Dieci anni. Soffermatevi su questo dettaglio cronologico. Dieci anni, in Italia, non sono una scadenza politica. Sono un'era geologica. Promettere dieci miliardi spalmati su un decennio in un Paese che cambia esecutivo a ogni stormir di fronde è l'arte suprema dell'illusionismo. È staccare un assegno postdatato sapendo perfettamente che, quando la povera gente si presenterà all'incasso, la banca sarà chiusa, il direttore sarà fuggito e le facce nei ministeri saranno altre.

Ma c'è di più. C'è un passaggio in questo dispaccio che dovrebbe far tremare di rabbia chiunque conservi ancora un briciolo di lucidità. Leggetelo attentamente: «Particolarmente significativo - spiegano - è l’impegno per il recupero di migliaia di alloggi popolari oggi inutilizzati: fino a 60 mila abitazioni che potranno finalmente essere restituite a famiglie e cittadini in difficoltà, valorizzando al tempo stesso il patrimonio esistente. Rilevante anche l’apertura agli investimenti privati, accompagnata da procedure più snelle, ma con un vincolo chiaro: destinare la maggior parte degli interventi, almeno il 70%, a chi ha davvero bisogno e a prezzi ridotti rispetto ai valori di mercato. Il Piano, inoltre, non guarda soltanto alle fasce più fragili – aggiungono - ma offre una prospettiva anche a tanti italiani che, pur lavorando e contribuendo ogni giorno, faticano ad accedere a un’abitazione. Ringraziamo il Governo Meloni per aver messo al centro il diritto alla casa con un intervento concreto, sostenibile e di lungo periodo, capace di ridurre il disagio abitativo e restituire dignità e prospettive a migliaia di famiglie italiane».

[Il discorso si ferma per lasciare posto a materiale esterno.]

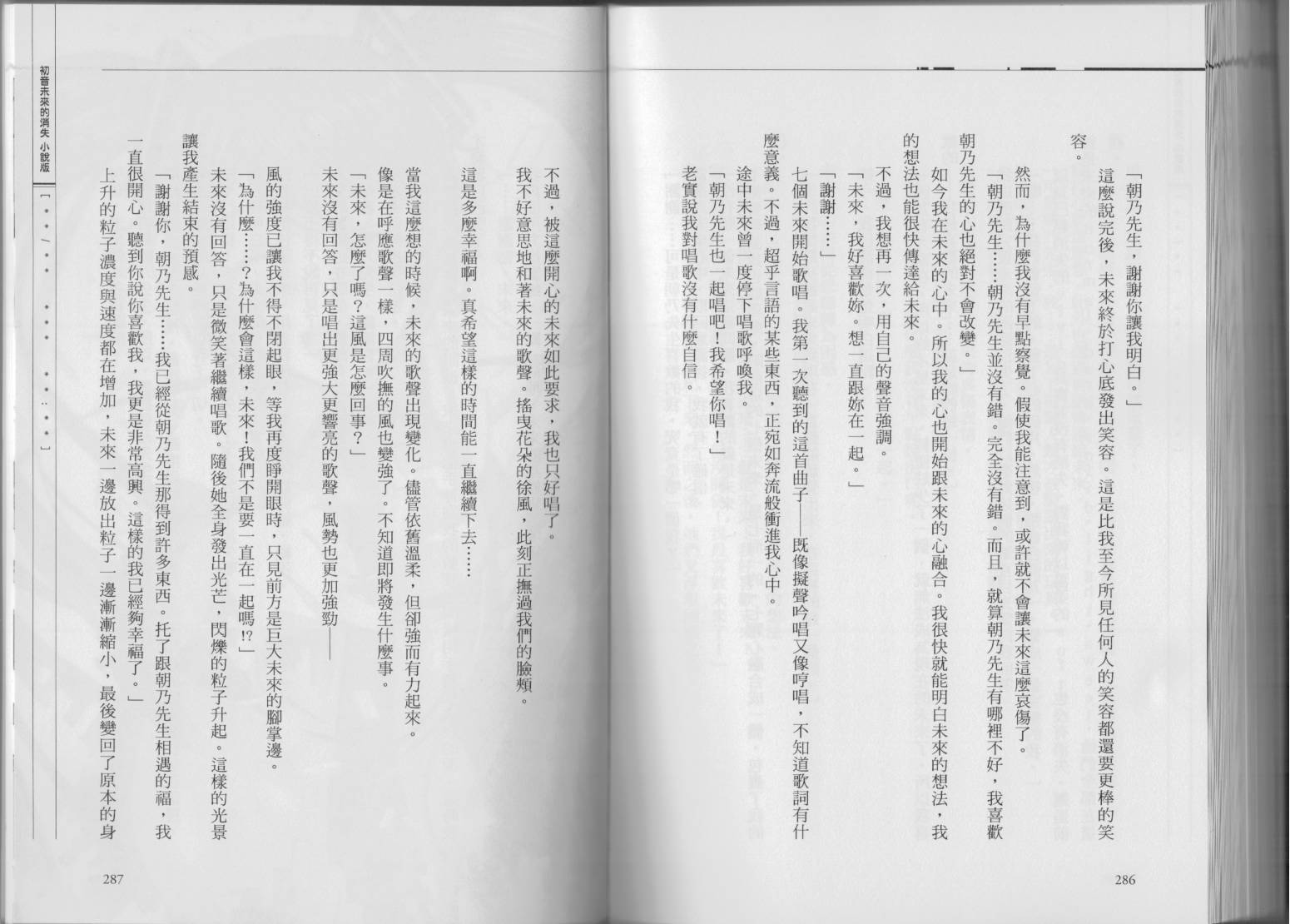 初音未来的消失韩漫全集-全一卷无删减无遮挡章节图片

Sessantamila abitazioni inutilizzate. Sessantamila. Ma vi rendete conto? Mentre ci sono italiani che si svenano per pagare buchi umidi in periferia, mentre ci sono famiglie sbattute in mezzo a una strada dagli ufficiali giudiziari, lo Stato teneva a marcire sessantamila case popolari. Vuote. Abbandonate ai topi, alla muffa o ai racket delle occupazioni abusive. E invece di vergognarvi, invece di chiedere scusa in ginocchio per decenni di criminale ignavia amministrativa, lo mettete nel comunicato stampa come un fiore all'occhiello? Come se fosse una geniale intuizione e non la riparazione tardiva di uno scempio imperdonabile? Poi si dirà che è un problema pluriennale, "plurilegislativo" ma oggi a rispondere agli italiani sono anche loro. All'onore segue, fino a prova contraria, l'onere. Ben venga la notizia, sperando che non rimanga solo inchiostro sulla carta.